Sautéed asparagus with lemon butter, toasted almonds, and fresh parsley for a vibrant side to seasonal meals.
# What you'll need:
→ Vegetables
01 - 1 lb fresh asparagus, trimmed
→ Dairy
02 - 3 tablespoons unsalted butter
→ Nuts
03 - 1/3 cup sliced almonds
→ Citrus
04 - 1 lemon, zest and juice
→ Seasonings
05 - 1/2 teaspoon sea salt
06 - 1/4 teaspoon freshly ground black pepper
→ Optional Garnish
07 - 2 tablespoons chopped fresh parsley
# How to make it:
01 - Bring a large skillet of salted water to a boil. Add asparagus and blanch for 2 to 3 minutes, until crisp-tender. Drain and immediately transfer asparagus to a bowl of ice water to halt cooking. Drain again and pat dry.

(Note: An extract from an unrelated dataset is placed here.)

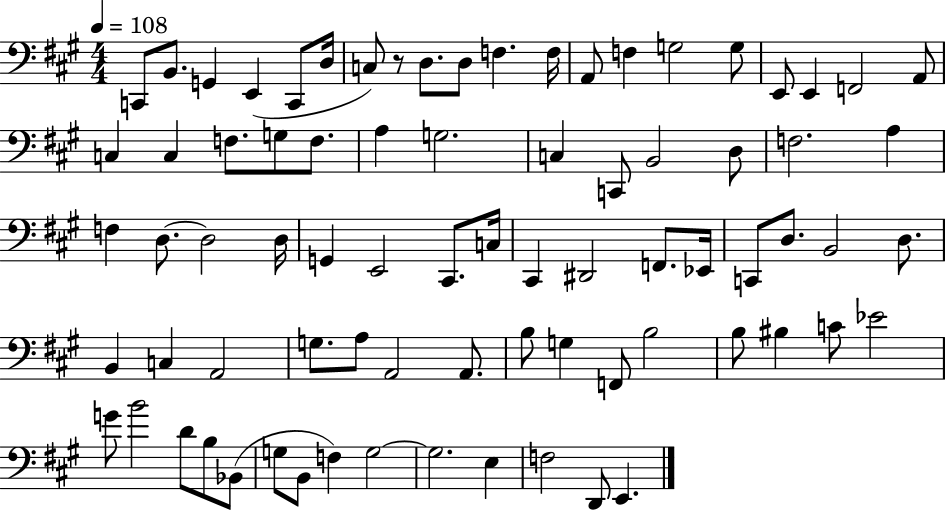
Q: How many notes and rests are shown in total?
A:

02 - In a large skillet over medium heat, melt 1 tablespoon butter. Add sliced almonds and toast, stirring frequently, until golden brown, approximately 2 to 3 minutes. Remove toasted almonds and set aside.

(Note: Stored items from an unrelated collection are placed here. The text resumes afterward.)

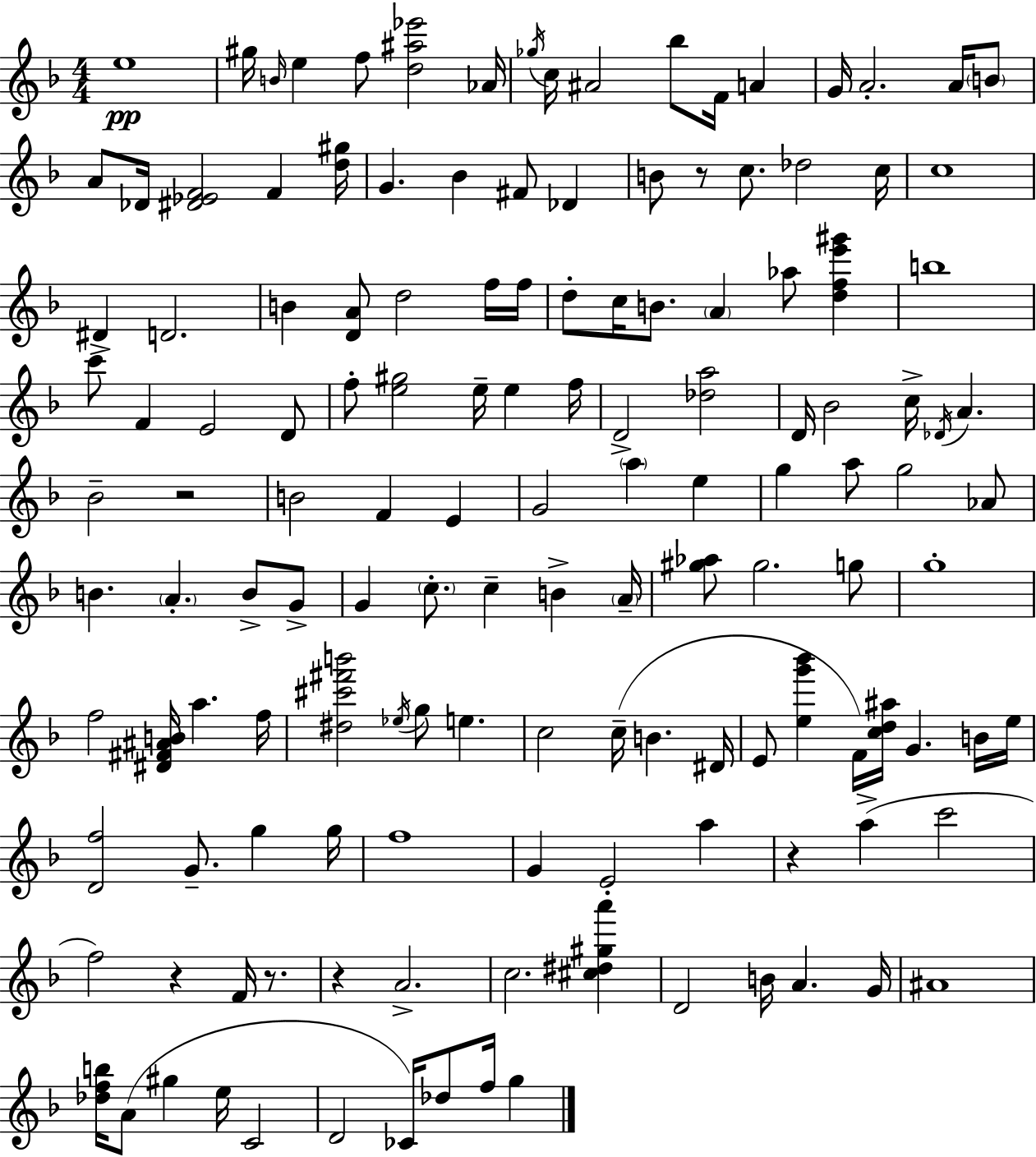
{
  \clef treble
  \numericTimeSignature
  \time 4/4
  \key f \major
  e''1\pp | gis''16 \grace { b'16 } e''4 f''8 <d'' ais'' ees'''>2 | aes'16 \acciaccatura { ges''16 } c''16 ais'2 bes''8 f'16 a'4 | g'16 a'2.-. a'16 | \break \parenthesize b'8 a'8 des'16 <dis' ees' f'>2 f'4 | <d'' gis''>16 g'4. bes'4 fis'8 des'4 | b'8 r8 c''8. des''2 | c''16 c''1 | \break dis'4-> d'2. | b'4 <d' a'>8 d''2 | f''16 f''16 d''8-. c''16 b'8. \parenthesize a'4 aes''8 <d'' f'' e''' gis'''>4 | b''1 | \break c'''8 f'4 e'2 | d'8 f''8-. <e'' gis''>2 e''16-- e''4 | f''16 d'2-> <des'' a''>2 | d'16 bes'2 c''16-> \acciaccatura { des'16 } a'4. | \break bes'2-- r2 | b'2 f'4 e'4 | g'2 \parenthesize a''4 e''4 | g''4 a''8 g''2 | \break aes'8 b'4. \parenthesize a'4.-. b'8-> | g'8-> g'4 \parenthesize c''8.-. c''4-- b'4-> | \parenthesize a'16-- <gis'' aes''>8 gis''2. | g''8 g''1-. | \break f''2 <dis' fis' ais' b'>16 a''4. | f''16 <dis'' cis''' fis''' b'''>2 \acciaccatura { ees''16 } g''8 e''4. | c''2 c''16--( b'4. | dis'16 e'8 <e'' g''' bes'''>4 f'16) <c'' d'' ais''>16 g'4. | \break b'16 e''16 <d' f''>2 g'8.-- g''4 | g''16 f''1 | g'4 e'2-. | a''4 r4 a''4->( c'''2 | \break f''2) r4 | f'16 r8. r4 a'2.-> | c''2. | <cis'' dis'' gis'' a'''>4 d'2 b'16 a'4. | \break g'16 ais'1 | <des'' f'' b''>16 a'8( gis''4 e''16 c'2 | d'2 ces'16) des''8 f''16 | g''4 \bar "|."
}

03 - In the same skillet, melt the remaining 2 tablespoons butter over medium heat. Add the blanched asparagus and sauté for 2 to 3 minutes, until heated through.
04 - Add lemon zest, lemon juice, sea salt, and freshly ground black pepper. Toss asparagus thoroughly to coat.
05 - Transfer asparagus to a serving platter. Sprinkle with toasted almonds and chopped parsley, if desired. Serve immediately.